### WORK TASK
Would you reproduce, without any alteration, the lines from the opening line of the entries through the line that has "4245 W Titus Dr, Fayetteville, AR 72704" in it?

### INPUT FOR THIS TASK
* * * * *

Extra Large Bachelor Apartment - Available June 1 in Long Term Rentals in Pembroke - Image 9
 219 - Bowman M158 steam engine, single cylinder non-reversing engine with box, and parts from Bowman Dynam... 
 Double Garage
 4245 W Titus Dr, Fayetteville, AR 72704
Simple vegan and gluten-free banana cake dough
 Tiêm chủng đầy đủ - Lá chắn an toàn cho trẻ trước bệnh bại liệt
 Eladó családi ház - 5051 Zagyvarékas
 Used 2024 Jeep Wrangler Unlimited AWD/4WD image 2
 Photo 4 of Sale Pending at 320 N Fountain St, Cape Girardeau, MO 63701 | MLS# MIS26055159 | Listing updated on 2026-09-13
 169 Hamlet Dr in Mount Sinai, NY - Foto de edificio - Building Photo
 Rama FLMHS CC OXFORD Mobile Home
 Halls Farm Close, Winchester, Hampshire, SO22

* * * * *

### SOLUTION
Extra Large Bachelor Apartment - Available June 1 in Long Term Rentals in Pembroke - Image 9
 219 - Bowman M158 steam engine, single cylinder non-reversing engine with box, and parts from Bowman Dynam... 
 Double Garage
 4245 W Titus Dr, Fayetteville, AR 72704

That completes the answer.